17th January, 2013 by Curtis McMillan
This is my first pre-prohibition Scotch cocktail, and I want to find the right way to receive them.
I suppose when I cover each cocktail I want to involve three main issues. I believe we should cover the arduous journey of sourcing ingredients, breaking apart the ancient recipes, and the taste of each cocktail. Like I have stated before in previous articles, I’m strongly against descriptions of taste due primarily to individual opinion, but I feel it’s important to impart some reference of my experience. I will try my best to not let my personal preference override description of flavour in the cocktail.
This cocktail didn’t give me very many hang-ups, although I was a little freaked out by Dubonnet. Not being very familiar with aperitifs I started by calling a very good friend of mine, Corey Bunnewith, who heard my concerns and stated it was a very common aperitif. I was able to find both white and red sold at our local retailer. I was also able to find out that Rouge was the original of the two recipes.
You should buy the Rouge if you plan on making this cocktail.
I feel it’s only right to first give you the original recipe and then showcase what I did. You may have some knowledge you can impart on me. Any help decoding pre-prohibition recipes will be appreciated. If you have any helpful hints contact me on Twitter.
The Pioneers of Mixing at Elite Bars list the Administrator as 2/3 scotch, two dashes French vermouth, two dashes Dubonnet and one dash Angostura bitters, and stir.
I can’t seem to understand how “stir” tells me how much ice is needed – or indeed any ice at all – and 2/3 scotch is not a volume. Don’t even get me started on dashes. This volume does not mean much to me, and I refuse to let this stop me. I have decided to build all drinks in a cocktail glass (around 3oz) so my maths says 2/3 of 3oz is 2oz. So with 1 oz being left over for Dubonnet and Dolin they both get a 1/2 oz, this sounds good to me.
2oz Balvenie 15yo
1/2 oz Dubonnet
1/2 oz Dolin French vermouth
1 dash Angostura bitters
Add all ingredients to an iced mixing glass and stir with the bar spoon. Use your julep strainer and strain into your chilled cocktail glass.
The original recipe did call for garnishment of one green olive, but I HATE olives so that’s out. You can add one if you want.

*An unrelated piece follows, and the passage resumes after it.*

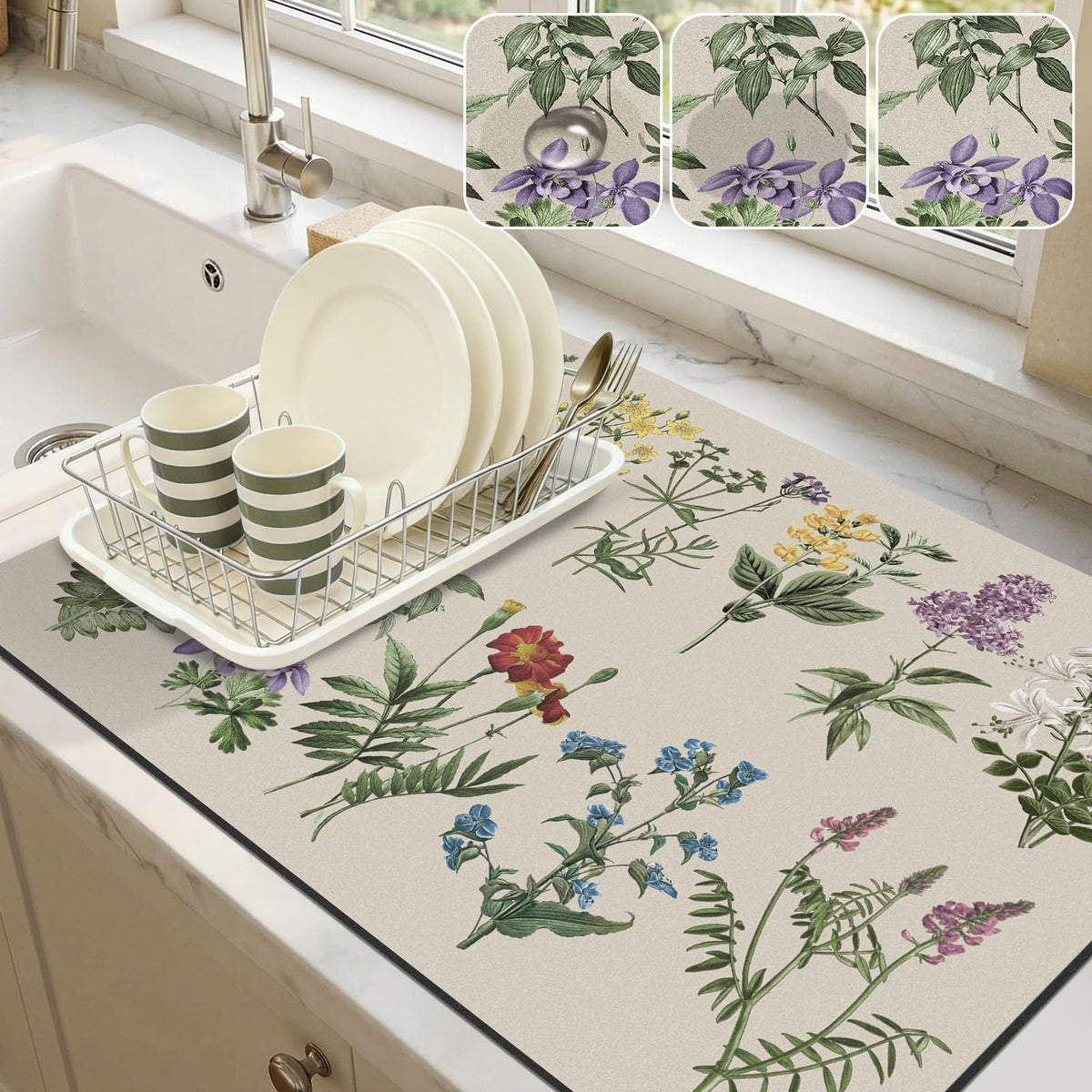 LOKHOM dish drying mat with sage flowers absorbs moisture on kitchen counters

The first smell is that of scotch. The Dubonnet and vermouth did not add very much to the floral qualities. Once in your mouth you get a softer scotch with a dry citrus quality. I can see why this recipe would have been used, and feel this is copying the effects of what finishing single malt Scotch in new woods does today. I also feel this has a lot of similar qualities with the Balvenie 21yo Port wood. So my guess is this is the grandfather to finished single malts. I was not incredibly overwhelmed by this drink and would not recommend that you worry yourself too much about making this, unless you like your scotch dry with a hint of citrus.